The Peterborough Bestiary has been kept in the Parker Library of the famous Corpus Christi College in Cambridge since 1575, as part of the anthology MS 53.

An original book for both clerics and the laity

Popular with both ecclesiastical and secular audiences alike, bestiaries, together with Psalters and Apocalypses, were among the most widely read illuminated manuscripts in England and Northern France from the 12th century onwards. They offered the cleric eager to illustrate his sermons a true mine of examples from the animal world whilst private customers took more delight in the original illustrations and the curious animal descriptions.

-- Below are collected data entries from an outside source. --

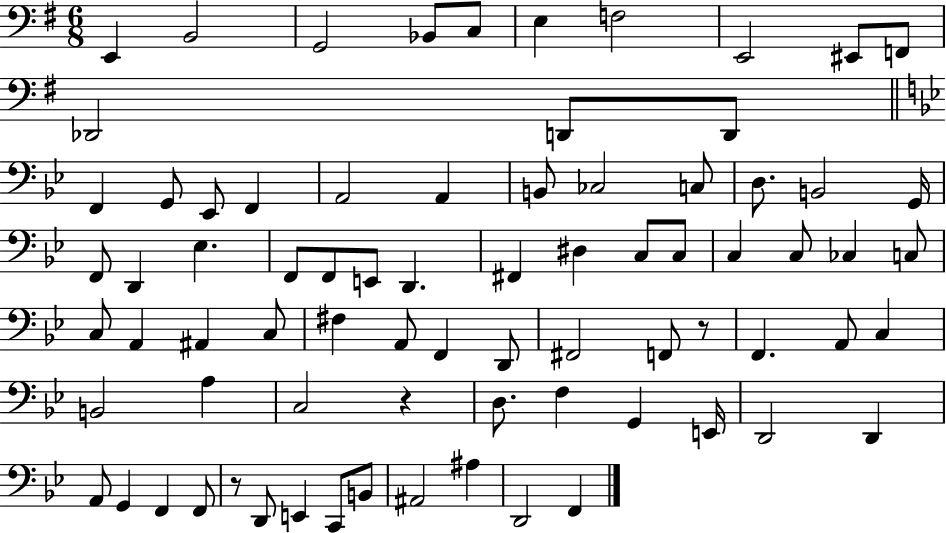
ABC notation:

X:1
T:Untitled
M:6/8
L:1/4
K:G
E,, B,,2 G,,2 _B,,/2 C,/2 E, F,2 E,,2 ^E,,/2 F,,/2 _D,,2 D,,/2 D,,/2 F,, G,,/2 _E,,/2 F,, A,,2 A,, B,,/2 _C,2 C,/2 D,/2 B,,2 G,,/4 F,,/2 D,, _E, F,,/2 F,,/2 E,,/2 D,, ^F,, ^D, C,/2 C,/2 C, C,/2 _C, C,/2 C,/2 A,, ^A,, C,/2 ^F, A,,/2 F,, D,,/2 ^F,,2 F,,/2 z/2 F,, A,,/2 C, B,,2 A, C,2 z D,/2 F, G,, E,,/4 D,,2 D,, A,,/2 G,, F,, F,,/2 z/2 D,,/2 E,, C,,/2 B,,/2 ^A,,2 ^A, D,,2 F,,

The animal kingdom described and interpreted in a splendid picture book

Animal books have been known since classical Antiquity and it is no surprise that they werde among the most popular illustrativ Manuskripts of the Middle Ages. A particularly fine example is the Peterborough Bestiary produced around 1300 with great knowledge of art and nature in an East Anglian abbey.

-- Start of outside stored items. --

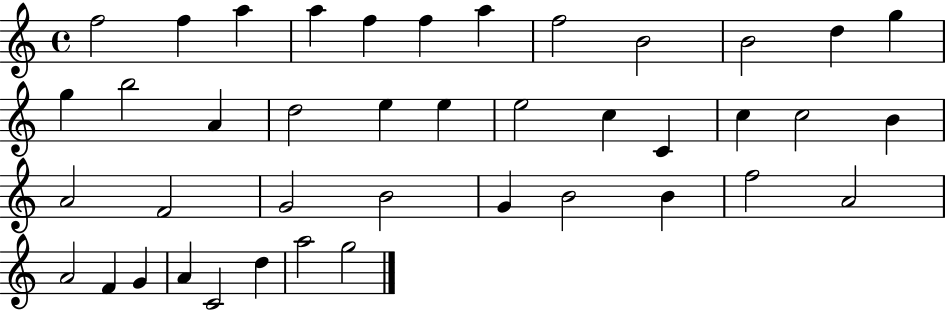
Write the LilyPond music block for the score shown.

{
  \clef treble
  \time 4/4
  \defaultTimeSignature
  \key c \major
  f''2 f''4 a''4 | a''4 f''4 f''4 a''4 | f''2 b'2 | b'2 d''4 g''4 | \break g''4 b''2 a'4 | d''2 e''4 e''4 | e''2 c''4 c'4 | c''4 c''2 b'4 | \break a'2 f'2 | g'2 b'2 | g'4 b'2 b'4 | f''2 a'2 | \break a'2 f'4 g'4 | a'4 c'2 d''4 | a''2 g''2 | \bar "|."
}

Dogs, horses, monkeys and lions, deer, sirens and the phoenix, feature among the more than 100 animals piante and described in the book which, in accordance with the Zustrom of the time, interpreta their behavior from a Christological Perspektive. People believed in animals that dien not exist and fabulous qualities were attributed to many real animals.

Fabulous local and exotic fauna in Gothic imagery

The descriptions of more than 100 terrestrial and aquatic animals, birds, and reptiles, makes the Peterborough Bestiary one of the most comprehensive works of its kind. It opens with the lion as the king of beasts, while also exploring fabulous creatures, such as the phoenix, the unicorn and the griffon. A particular challenge to the English artist were the exotic animals, such as the antelope, the elephant and the crocodile that he might have known only from model books or travel literature.

The transition from Romanesque to Gothic art, which stated in France, also gave rise to a completely new style of painting in England. The wish for increased three-dimensionality generally led to more gracefully painted and swifter lines. The bodies of the animals now are standing out clearly from the background, their swift movements making them appear more natural. The miniatures in the Peterborough Bestiary provide a vibrant panorama of the local and exotic fauna, in a manner much closer to nature than preceding Romanesque examples.

The facsimile edition

All 44 pages of the Peterborough Bestiary are reproduced in the original format of 34.8 x 23.6 cm in a limited edition of 1.480 copies world-wide. The volume comes in a hand produced and blind-tooled brown leather binding. All sheets and trimmed in accordance with the original and stitched to the contents by hand. The cover is tooled using roulettes, showing motives of the griffon, the lion and the dragon.

An academic commentary volume, including a complete transcription and translation, by Christopher de Hamel, Cambridge, and Lucy Freeman Sandler, New York, facilitates the understanding of the manuscript.